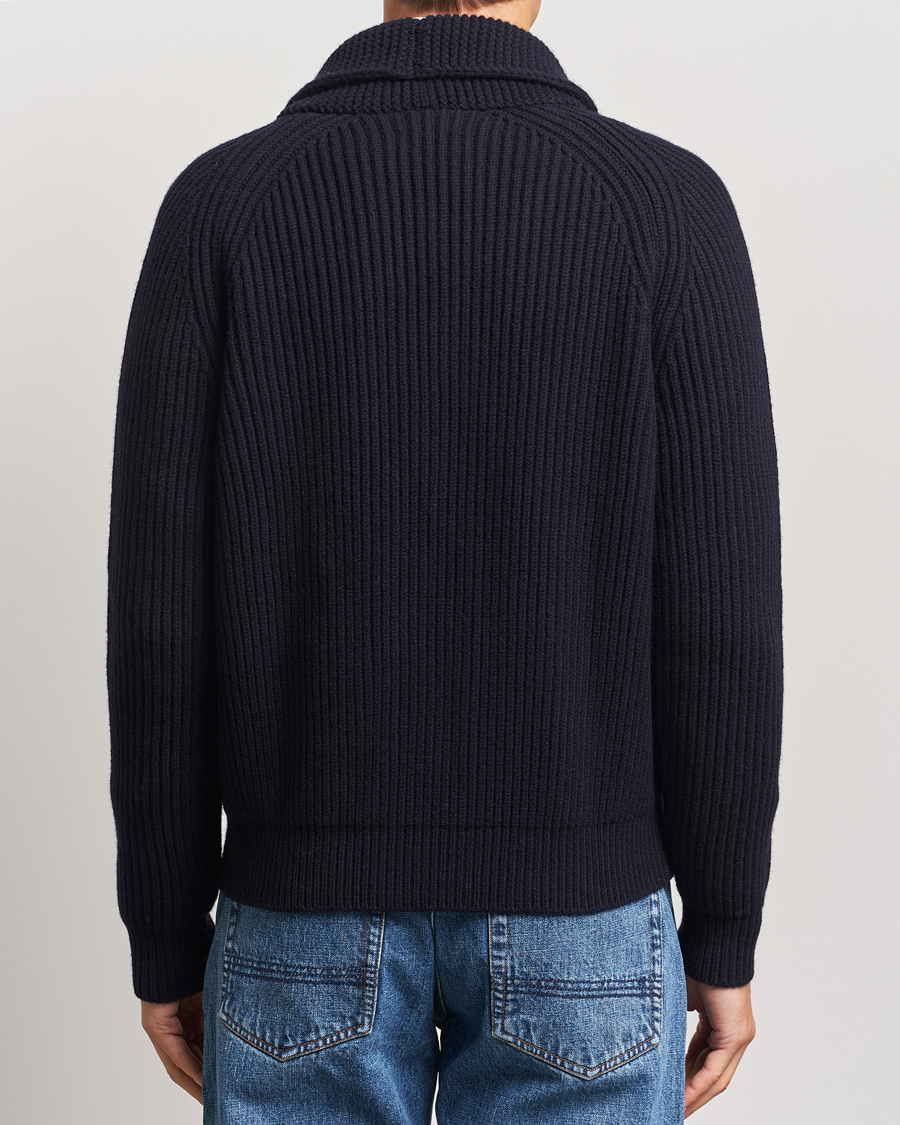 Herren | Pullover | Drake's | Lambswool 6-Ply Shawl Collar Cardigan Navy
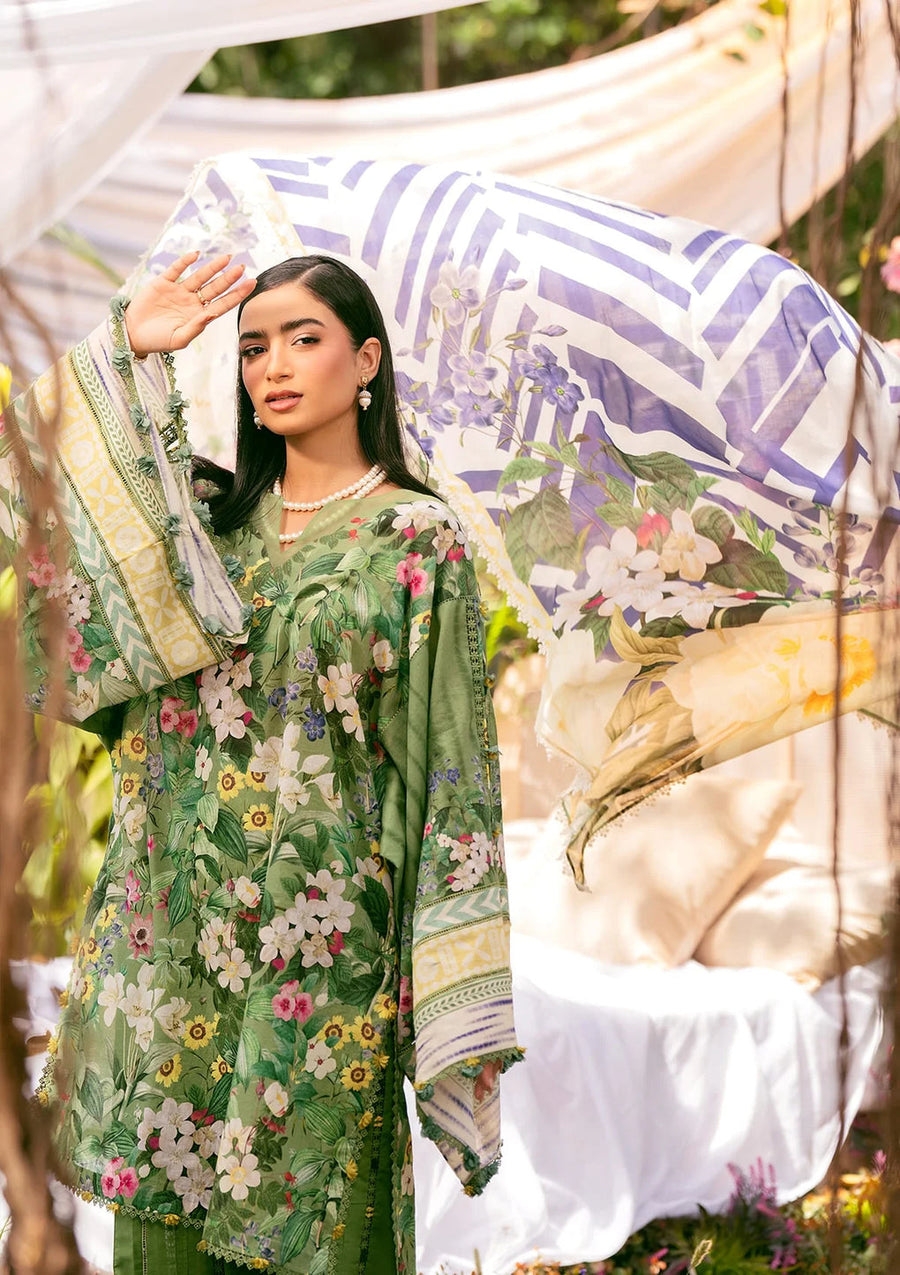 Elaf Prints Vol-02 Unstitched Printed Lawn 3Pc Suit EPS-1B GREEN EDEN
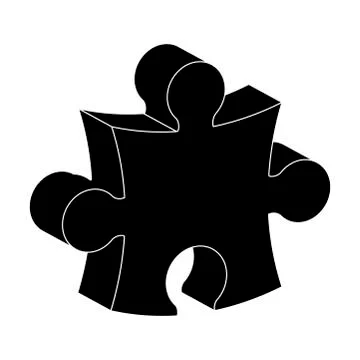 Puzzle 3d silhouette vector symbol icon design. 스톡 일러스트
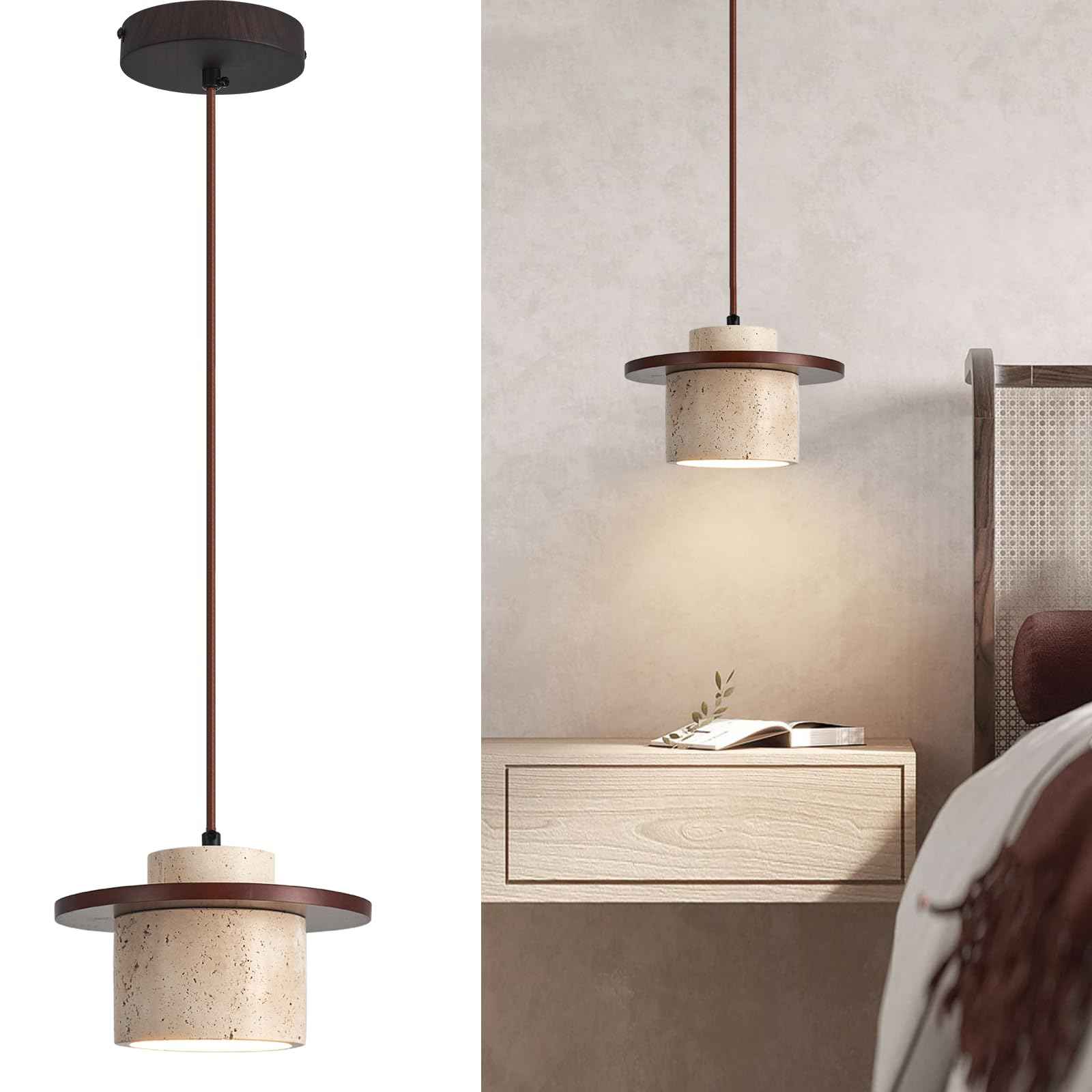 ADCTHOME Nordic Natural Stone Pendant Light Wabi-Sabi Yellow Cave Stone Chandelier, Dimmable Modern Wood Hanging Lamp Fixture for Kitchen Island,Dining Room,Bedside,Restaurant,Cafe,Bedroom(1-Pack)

- What to produce
Give back the full listing word for word, with the pictures left out.

- Answer to the exercise
 Herren | Pullover | Drake's | Lambswool 6-Ply Shawl Collar Cardigan Navy
 Elaf Prints Vol-02 Unstitched Printed Lawn 3Pc Suit EPS-1B GREEN EDEN
 Puzzle 3d silhouette vector symbol icon design. 스톡 일러스트
 ADCTHOME Nordic Natural Stone Pendant Light Wabi-Sabi Yellow Cave Stone Chandelier, Dimmable Modern Wood Hanging Lamp Fixture for Kitchen Island,Dining Room,Bedside,Restaurant,Cafe,Bedroom(1-Pack)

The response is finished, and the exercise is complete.